[Information shown]:
########################################

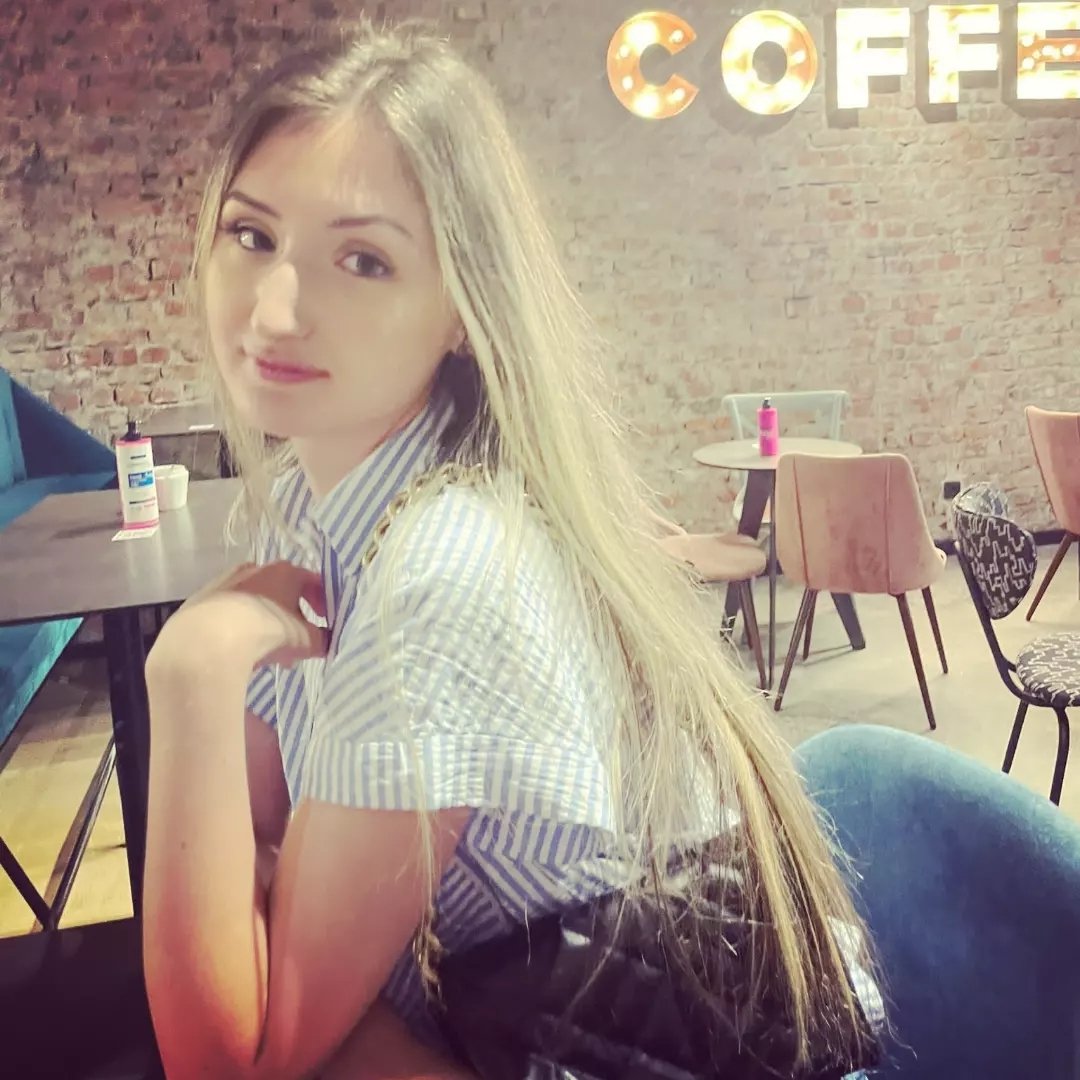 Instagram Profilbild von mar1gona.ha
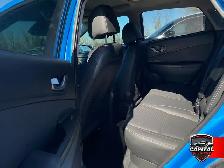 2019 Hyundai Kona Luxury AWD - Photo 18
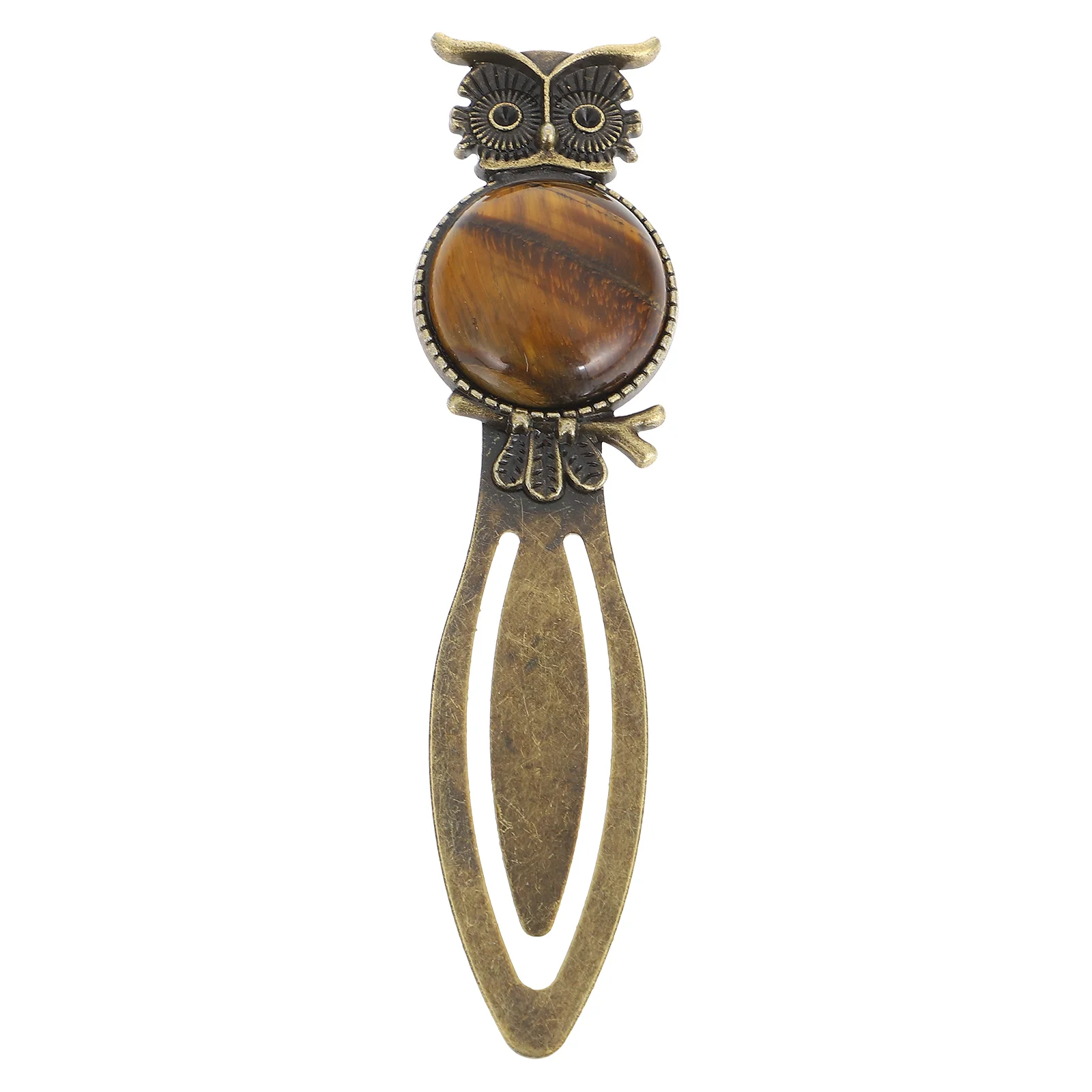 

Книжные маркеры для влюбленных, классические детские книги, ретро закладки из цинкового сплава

########################################

[Activity]:
The task requires the full listing to be given again verbatim, without its pictures.

[Result of the exercise]:
 Instagram Profilbild von mar1gona.ha
 2019 Hyundai Kona Luxury AWD - Photo 18

Книжные маркеры для влюбленных, классические детские книги, ретро закладки из цинкового сплава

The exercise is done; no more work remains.